Taking the line with "Mädchen mit Geflügel" as the first and the line with "Pair of Louis XVI Giltwood Fauteuils" as the last, set down the lines below exactly, pictures excluded.

The records –
---

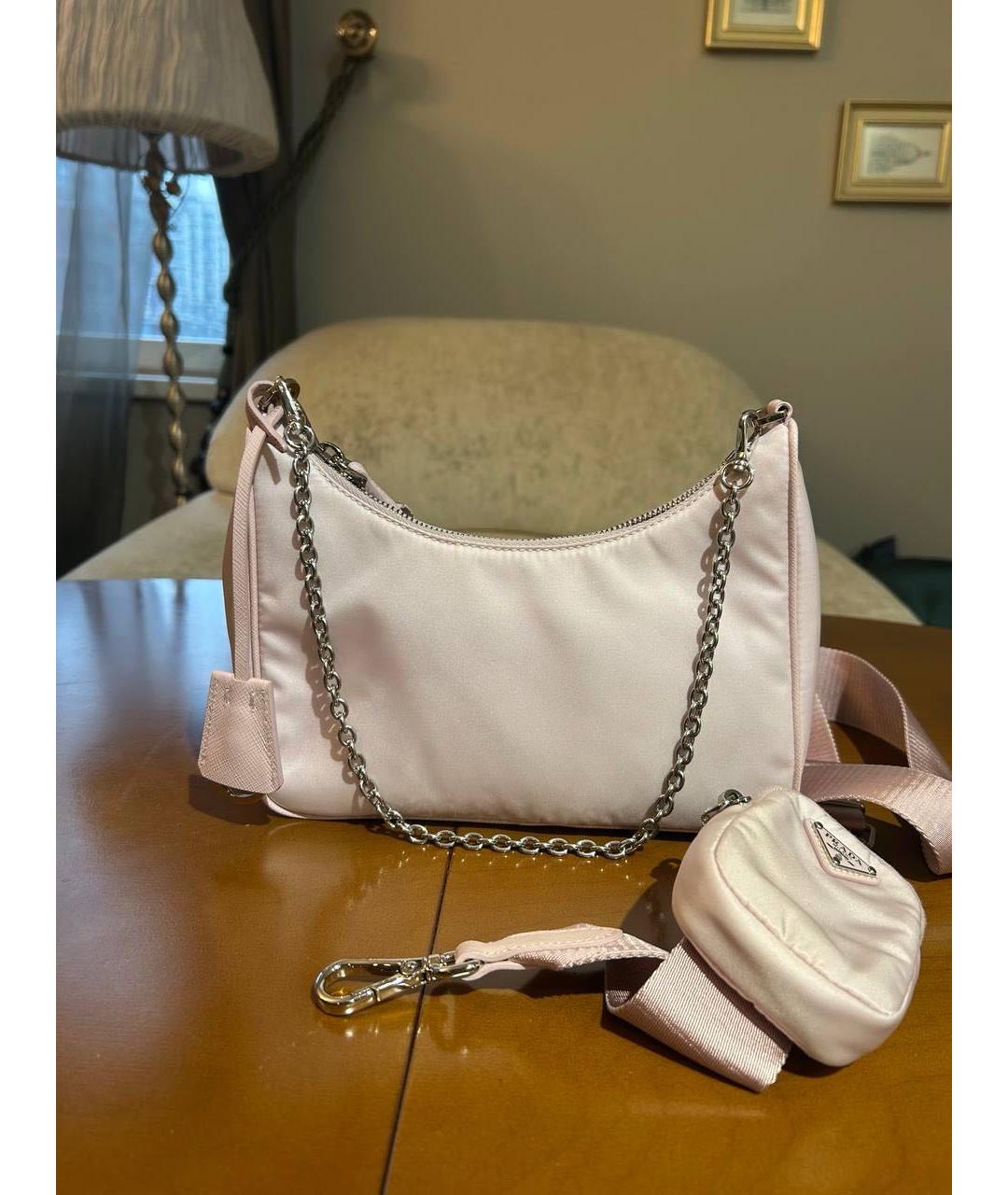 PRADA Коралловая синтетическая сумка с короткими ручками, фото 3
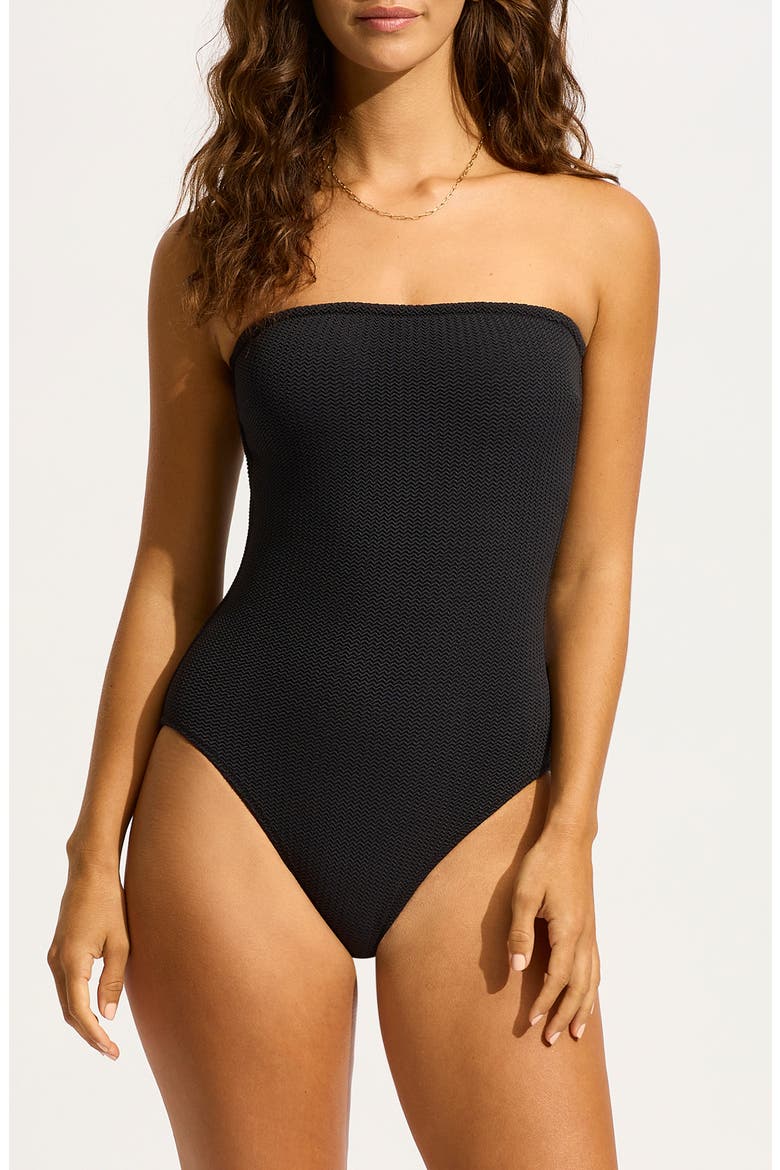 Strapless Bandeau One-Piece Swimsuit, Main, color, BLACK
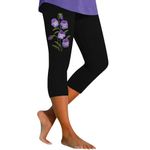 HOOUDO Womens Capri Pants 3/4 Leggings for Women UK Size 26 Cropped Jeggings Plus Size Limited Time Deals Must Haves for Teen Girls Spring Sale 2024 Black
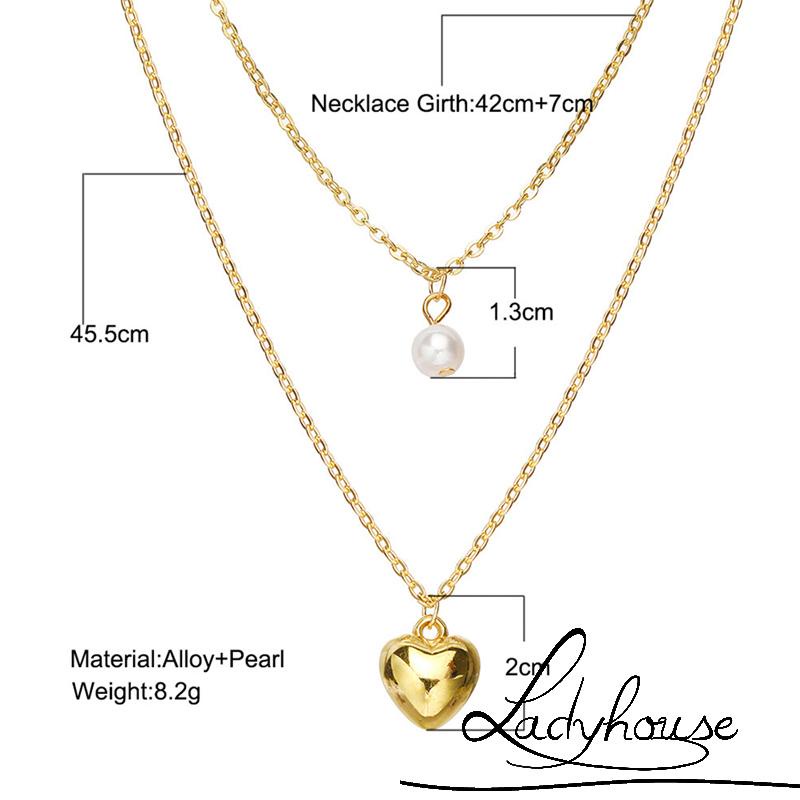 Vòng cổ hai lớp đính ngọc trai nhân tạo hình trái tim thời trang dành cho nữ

---

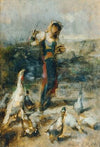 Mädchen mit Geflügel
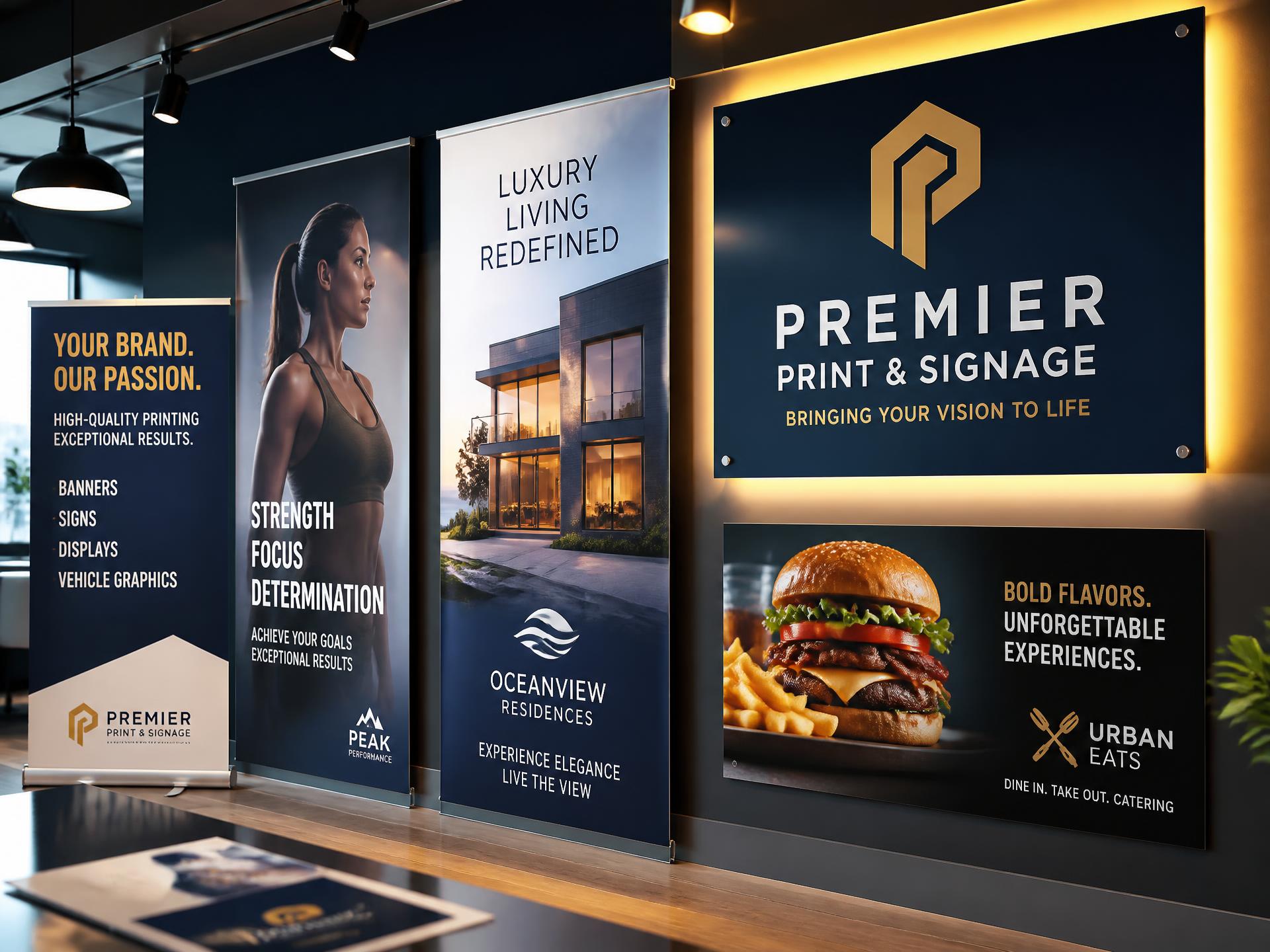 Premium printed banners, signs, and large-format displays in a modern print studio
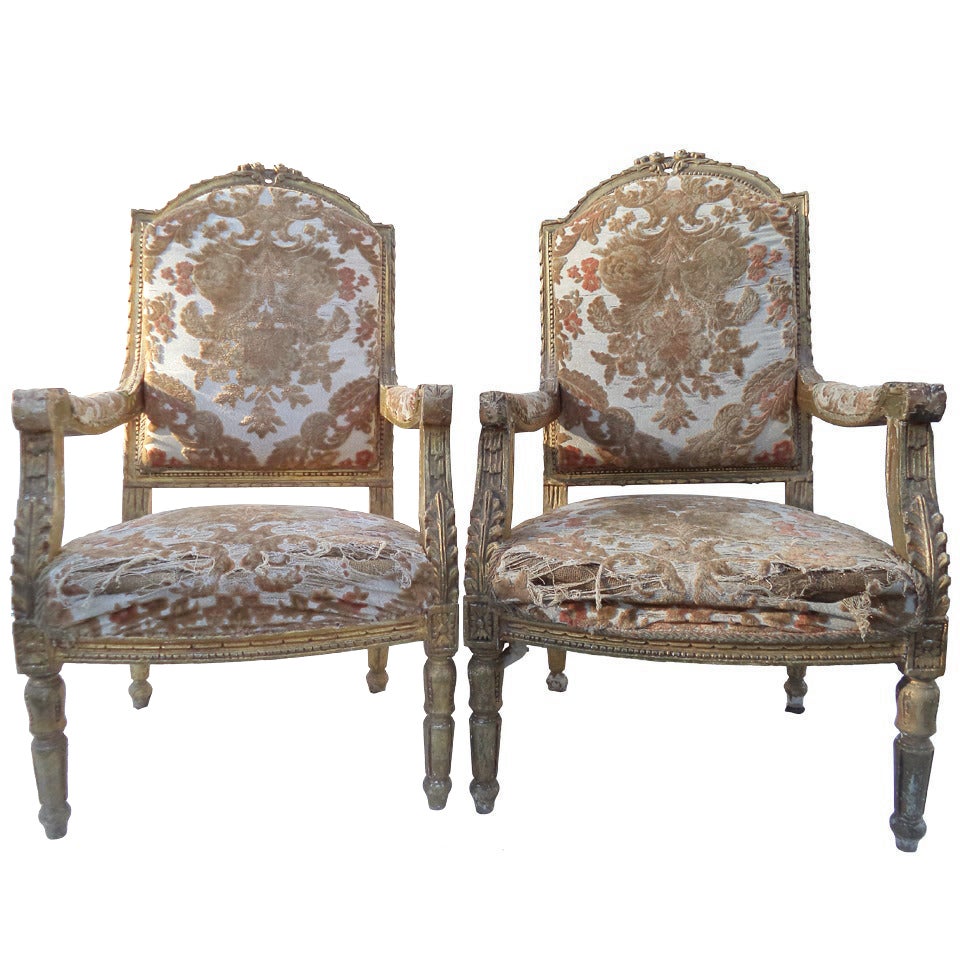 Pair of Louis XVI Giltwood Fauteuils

---

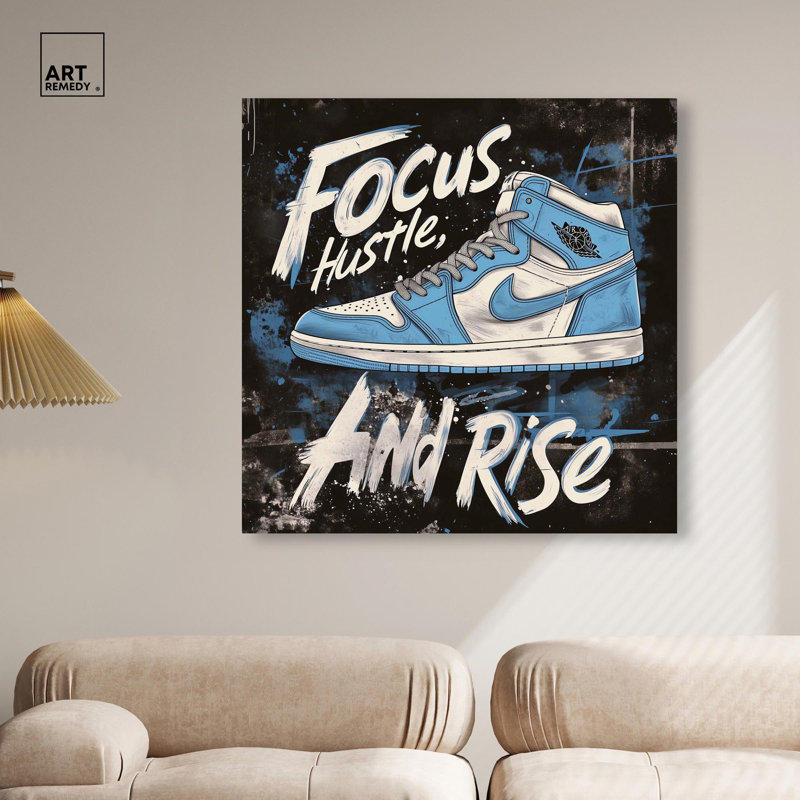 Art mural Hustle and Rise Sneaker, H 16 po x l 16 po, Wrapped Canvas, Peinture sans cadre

---

Answer to this problem –
 Mädchen mit Geflügel
 Premium printed banners, signs, and large-format displays in a modern print studio
 Pair of Louis XVI Giltwood Fauteuils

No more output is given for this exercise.